Seth Godin, gourou marketing, ne regarde pas la télévision. Il a mille milliards de choses à faire qui sont infiniment plus intéressantes, comme de lire un ou deux romans par soirée, ou d’écouter les mille opéras les plus percutants.
Pour appuyer son opinion sur la télévision, il fait un lien avec une présentation de Clay Shirky, gourou internet celui-là, pour qui la télévision est à la révolution numérique ce que le gin a été à la révolution industrielle. J’adore l’internet! Pas d’autre façon de trouver en quelques clics des analogies aussi percutantes et d’apprendre un peu d’histoire de la société en même temps. Qu’est-ce que je faisais avant?

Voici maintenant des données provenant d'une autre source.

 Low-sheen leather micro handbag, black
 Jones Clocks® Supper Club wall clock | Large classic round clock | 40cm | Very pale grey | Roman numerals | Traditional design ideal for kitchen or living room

La démonstration de Monsieur Shirky est convaincante malgré les déficiences de l’analogie. En quelques mots : la « technologie » qui a facilité la première phase de la révolution industrielle en Angleterre, c’est le gin. Dépassé par la soudaineté et la brutalité de la transition de la vie rurale à la vie urbaine, le peuple s’est abruti dans une beuverie qui lui a permis de supporter les épouvantables conditions de vie et de travail causées par l’automatisation des procédés de production. Les institutions associées à l’ère industrielle, la démocratisation de la culture, de l’éducation et de la politique, sont apparues quand l’Angleterre a émergé de sa brume éthylique et envisagé l’urbanisation comme un avantage plutôt qu’une crise.
Et en quoi la télévision est-elle le gin du peuple? Au cours des cinquante dernières années, le peuple gaspille ce temps libre dont il bénéficie depuis depuis la fin de la deuxième guerre mondiale en s’abrutissant devant la télévision. Mais il commence à émerger de cette brume cathodique grâce à la révolution numérique. Les heures passées à ne rien faire devant un poste de télévision sont en train de se transformer en heures productives à participer, par exemple, à la rédaction d’un article sur Wikipedia, ou encore à un jeu vidéo en ligne.

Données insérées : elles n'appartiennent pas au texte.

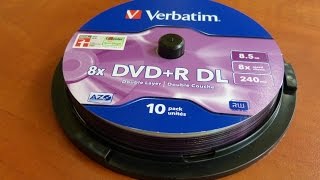 Verbatim DVDR DL Unboxing 85GB [upl. by Pironi583]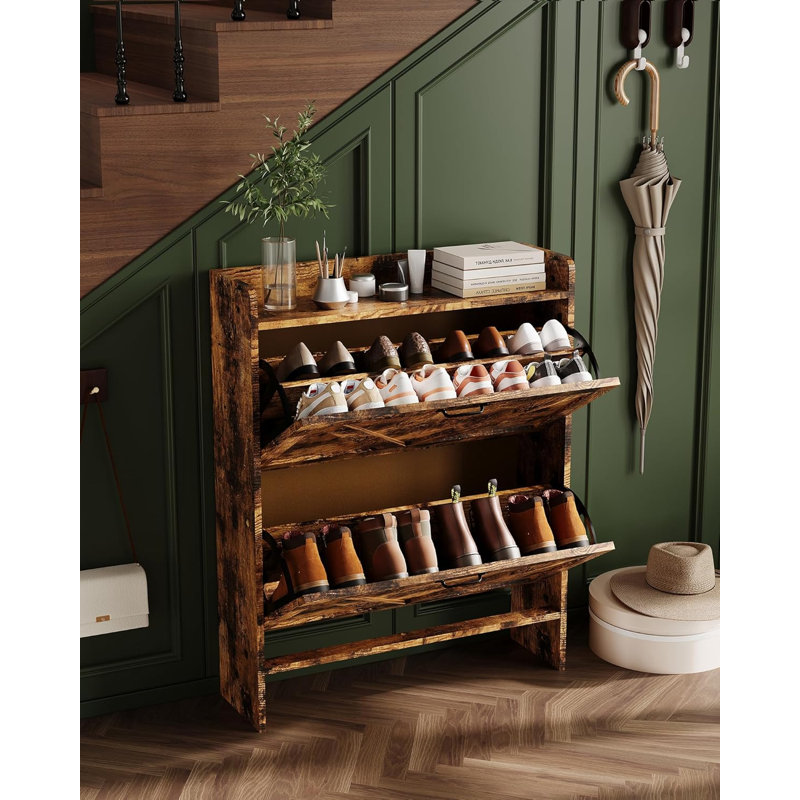 Shoe Storage Organizer with 2 Flip Drawers, Farmhouse Shoe Cabinet, Brown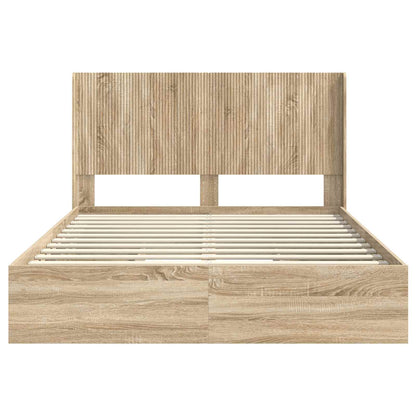 Struttura del letto con stoccaggio e testata Rovere Sonoma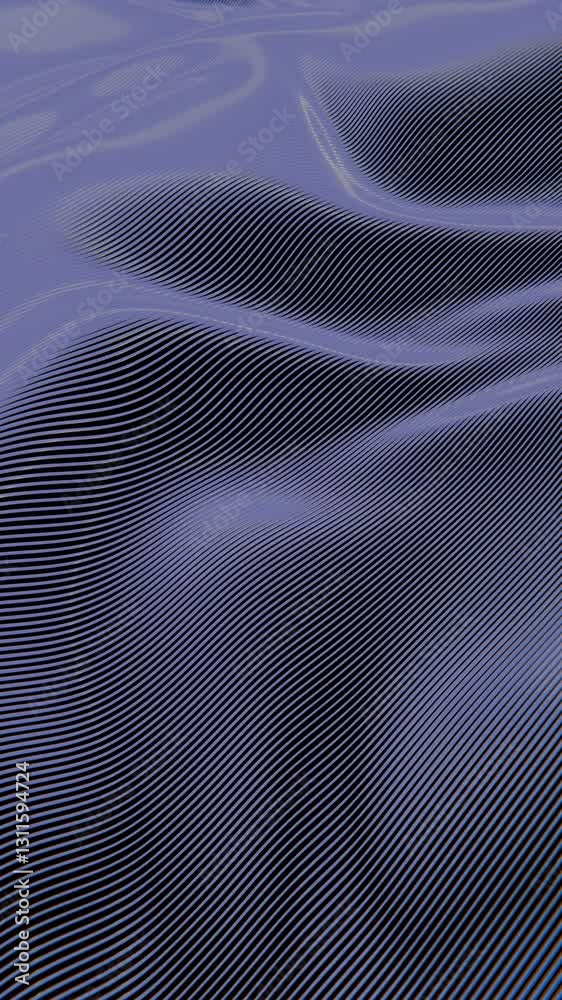 Poster Flowing abstract lines in purple gradient with a smooth, sleek texture, creating a dynamic and modern digital design against a dark background.

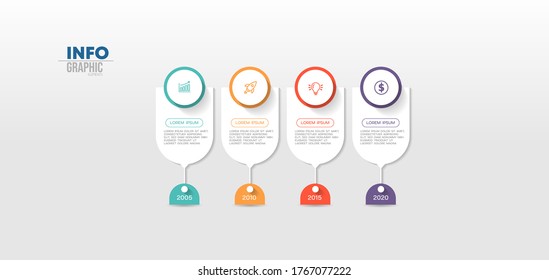 ilustración vectorial Plantilla de diseño infográfico con iconos y 4 opciones o pasos. Se puede usar para procesos, presentaciones, diseño, banner, gráfico de información.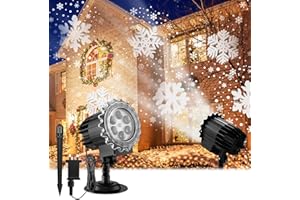 Jellybibo Christmas Projector Lights, 180° Moving Rotating Snowflake Projector Lights, IP65 Waterproof Holiday Halloween Xmas Party, Wedding Decorations & Gifts for Outdoor Yard, Garden, Indoor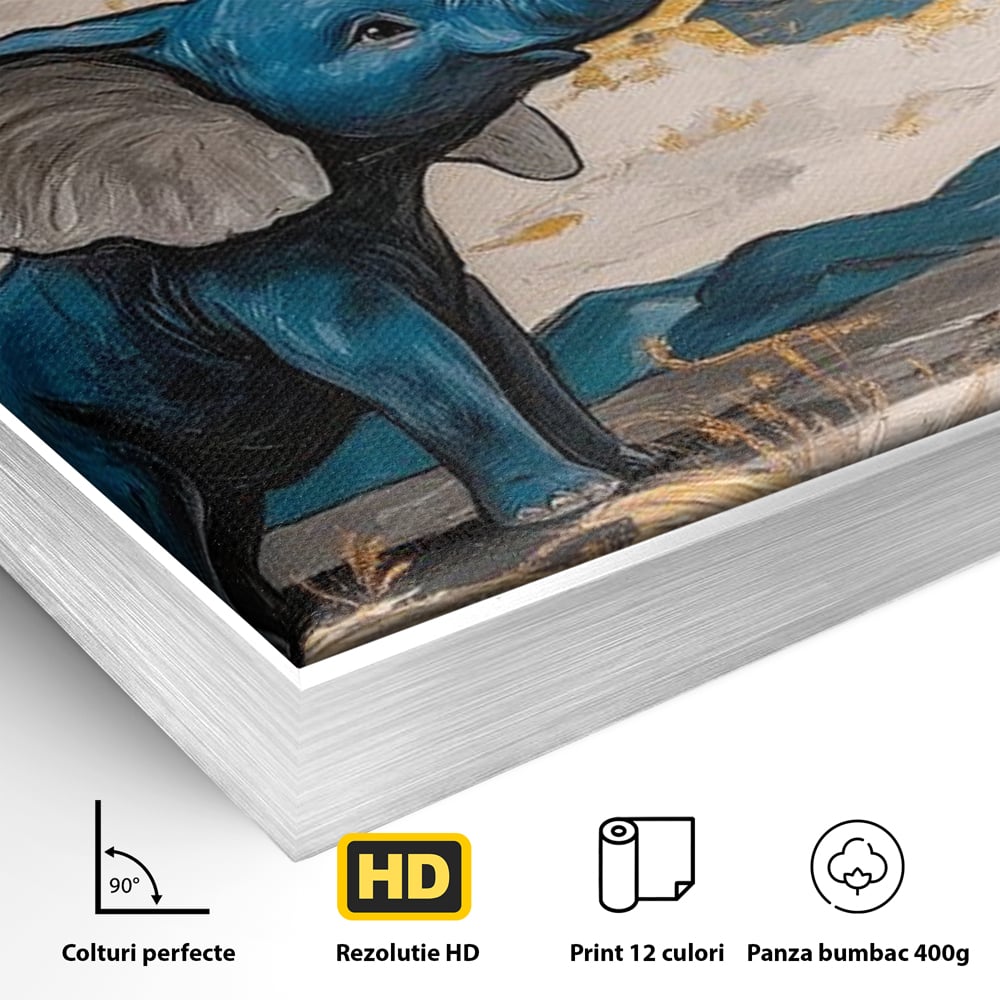 Detaliu al suprafetei: tablou canvas cu elefant albastru, in rama de aluminiu argintiu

Cette idée que regarder la télévision est une vaste perte de temps n’est pas nouvelle, on s’en doute. En 1961, le président de la FCC (le CRTC américain), Newton N. Minow, dans un discours (devenu historique) à la National Association of Broadcasters, a comparé la télévision à un “vast wasteland”:
But when television is bad, nothing is worse. I invite each of you to sit down in front of your television set when your station goes on the air and stay there, for a day, without a book, without a magazine, without a newspaper, without a profit and loss sheet or a rating book to distract you. Keep your eyes glued to that set until the station signs off. I can assure you that what you will observe is a vast wasteland.

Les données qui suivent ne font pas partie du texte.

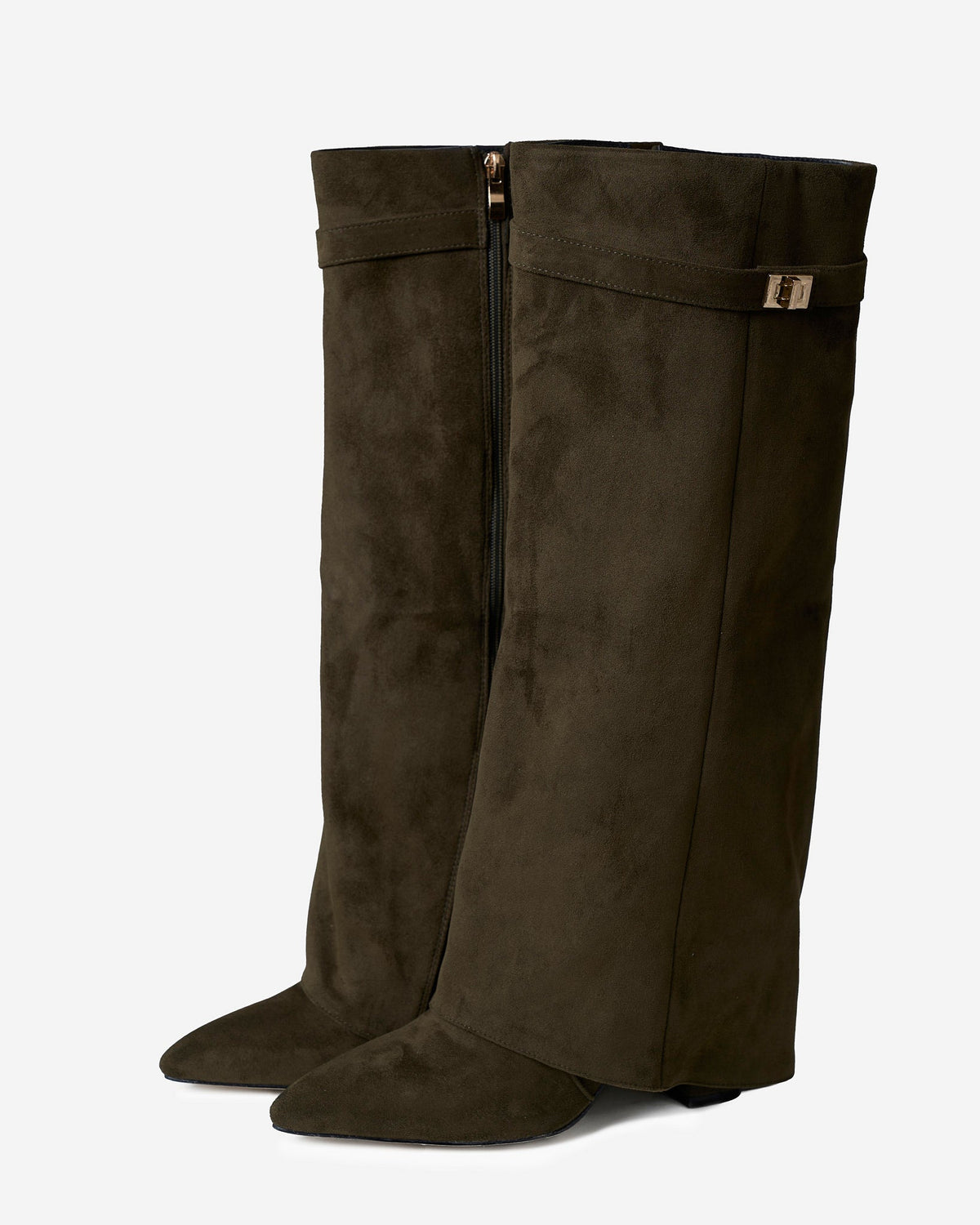 Siena Suede Knee-High Boots - Olive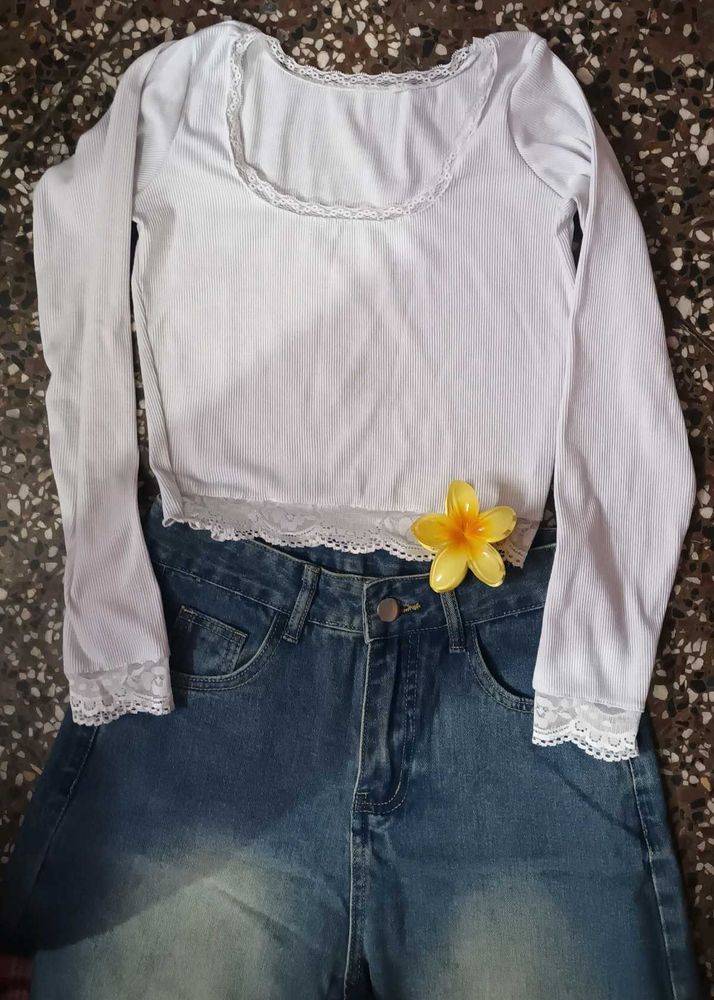 White Lace Trim Long Sleeve Top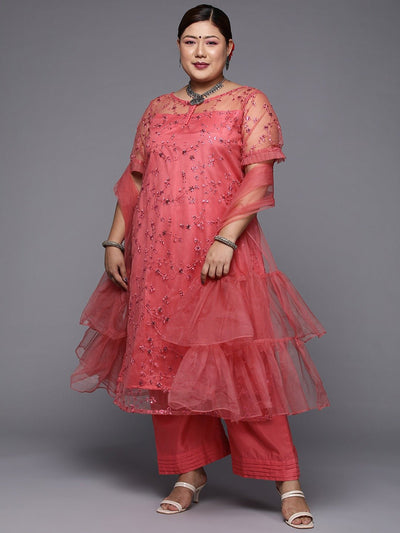 Women Plus Size Coral Pink Floral Sequinned Kurta with Palazzos & Dupatta - Inddus.in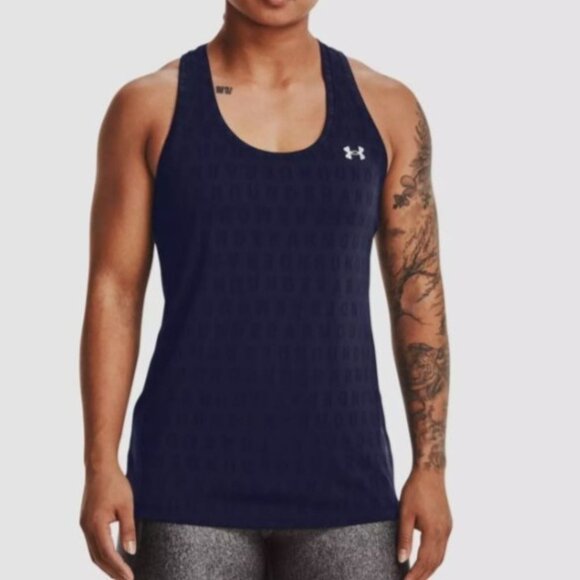 Under Armour Tank Top Womens Size 1X Blue Velocity Wordmark Jacquard Racerback - Picture 1 of 10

You will see a procession of game shows, formula comedies about totally unbelievable families, blood and thunder, mayhem, violence, sadism, murder, western bad men, western good men, private eyes, gangsters, more violence, and cartoons. And endlessly commercials — many screaming, cajoling, and offending. And most of all, boredom. True, you’ll see a few things you will enjoy. But they will be very, very few. And if you think I exaggerate, I only ask you to try it.
Près de cinquante plus tard, on peut presque dire la même chose de la télévision d’aujourd’hui. Pas étonnant que les influenceurs américains la dénigrent ainsi. Il est intéressant de noter que les États-Unis sont pratiquement le seul pays industrialisé à ne pas avoir de système de radiodiffusion publique comme on l’entend ici: une institution forte mandatée et financée par le gouvernement pour offrir une programmation diversifiée d’intérêt public qui s’adresse à l’intelligence et au sens civique des citoyens. Le pays de la libre entreprise a laissé le marché s’occuper de l’intérêt public, ce qui s’est traduit par: ce qui devrait attirer la plus forte proportion possible du public de la façon la plus élémentaire possible.
À l’Âge de la télévision, les moyens de communication et de production de masse étaient entre les mains de quelques-uns et on pouvait les contrôler par la réglementation afin d’empêcher que le plus bas dénominateur commun ne prévale.
Si nous nous dirigeons vers une ère de prise en charge de ces médiums par la population, d’où viendra le contrôle, mais surtout, quelle forme prendra-t-il?